Weekly Colloquium

Surfaces of Revolution with Constant Mean Curvature in Hyperbolic 3-Space

I discuss how to construct surfaces of revolution with constant mean curvature H=c in hyperbolic 3-space H³(-c²) of constant sectional curvature -c². It is intriguing to see that while the hyperbolic 3-space flattens to Euclidean 3-space E³ as c → 0, those surfaces approach catenoid, the minimal surface of revolution in E³. I also discuss how to construct minimal surface of revolution in H³(-c²). This work was done with Kinsey Zarske as her undergraduate research project.

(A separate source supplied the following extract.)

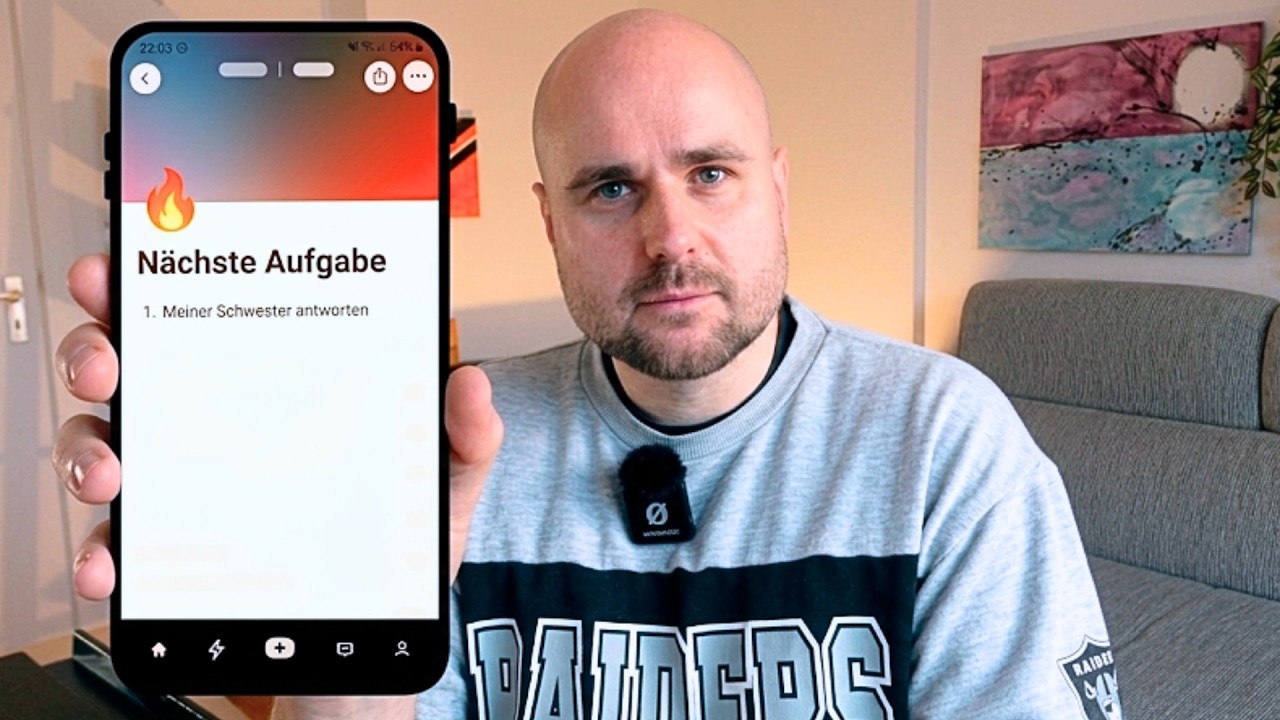 Einfacher ADHS-Workflow für's Fertigwerden (Output Coach)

Analytic Logical Functions that Provide Weak Interpretations of Satisfyability

We introduce a parallel Analytic Logic. We utilize a hyperspace over Boolean disjunctive clauses with a new semantics. The goal of this work is the development of an analytical logical calculus that provides weak solutions to satisfyablility problems in polynomial time. The approach utilizes three novel techniques: a parallel tri-state hyperspace over 2-state Boolean Algebra, a parallel tri-state encoding of disjunctive clauses that induces a metric, and a parallel tri-state concurrent intersection operator that does not require enumeration of all intersectors.

The mean ergodic theorem of matrices and its application to solving the Yang-Baxter matrix equation

We construct some solutions to the Yang-Baxter matrix equation with the help of the mean ergodic theorem for matrices.

Incidence Algebras

Gian-Carlo Rota defined an incidence algebra as a tool for solving combinatorial problems. An incidence algebra is a specific ring of functions defined on the ordered pairs of a partially ordered set to a given ring, and equipped with a module action by this ring. A notable element of an incidence algebra is its Möbius function, which coincides with the well-known Möbius function of number theory. Subsequent work of Rota and other authors investigate incidence algebras as a tool in algebraic topology. After a review of these ideas, I will summarize what I study in the algebraic context of incidence algebras.

Nim^∞

While trying to explain my research to students, I invented a game that turned out to be a generalization of the game of Nim, whose mathematical implications are well known. We review some of these implications, and explore how “Nimfinity” distills fundamental ideas of commutative algebra into a challenging game.